No pictures should appear in the copy. Reproduce exactly the lines from the one containing "Classic navy blue" through the end of the material below.

-- -- --

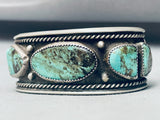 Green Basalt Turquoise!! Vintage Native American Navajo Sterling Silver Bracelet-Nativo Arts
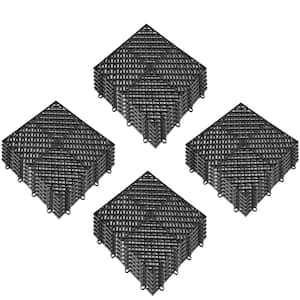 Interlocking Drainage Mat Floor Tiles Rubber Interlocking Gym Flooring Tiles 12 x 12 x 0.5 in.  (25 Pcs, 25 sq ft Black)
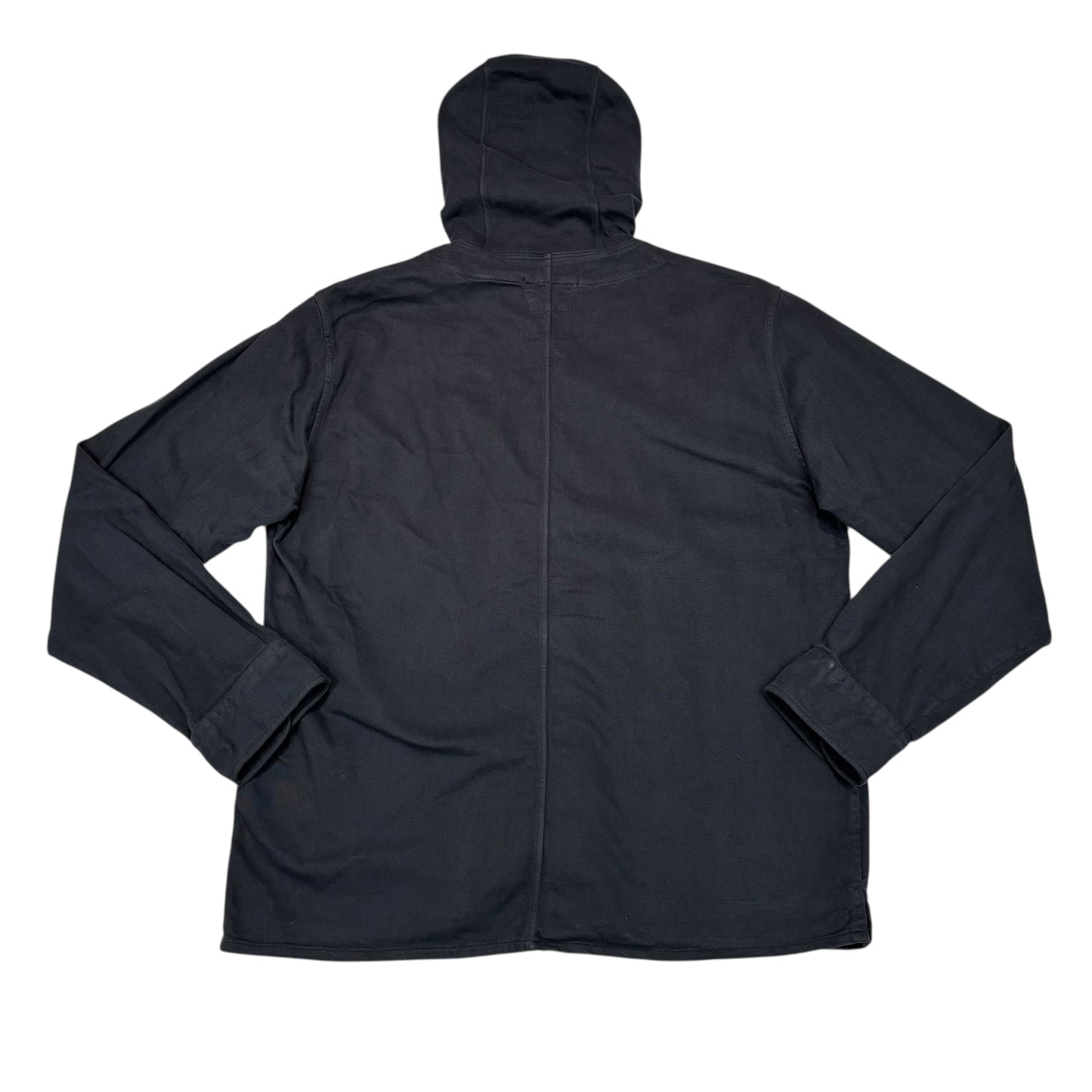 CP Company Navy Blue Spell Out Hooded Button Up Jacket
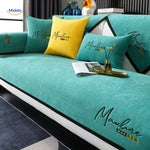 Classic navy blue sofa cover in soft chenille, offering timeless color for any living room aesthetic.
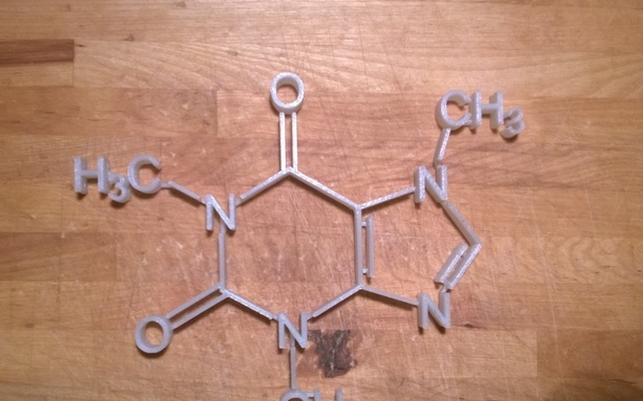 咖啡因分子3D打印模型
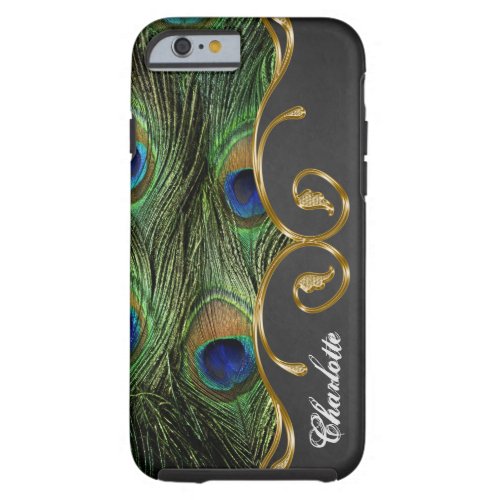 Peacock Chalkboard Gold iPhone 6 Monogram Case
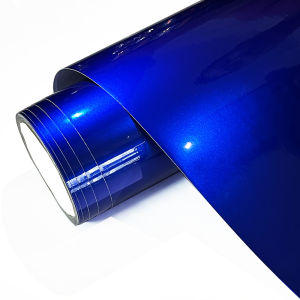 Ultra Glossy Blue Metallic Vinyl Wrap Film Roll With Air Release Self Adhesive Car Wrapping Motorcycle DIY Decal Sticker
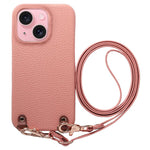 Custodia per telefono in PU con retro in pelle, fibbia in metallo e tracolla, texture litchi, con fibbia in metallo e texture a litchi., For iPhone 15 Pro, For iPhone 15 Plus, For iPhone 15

-- -- --

Final answer:
 Classic navy blue sofa cover in soft chenille, offering timeless color for any living room aesthetic.
 咖啡因分子3D打印模型
 Peacock Chalkboard Gold iPhone 6 Monogram Case
 Ultra Glossy Blue Metallic Vinyl Wrap Film Roll With Air Release Self Adhesive Car Wrapping Motorcycle DIY Decal Sticker
 Custodia per telefono in PU con retro in pelle, fibbia in metallo e tracolla, texture litchi, con fibbia in metallo e texture a litchi., For iPhone 15 Pro, For iPhone 15 Plus, For iPhone 15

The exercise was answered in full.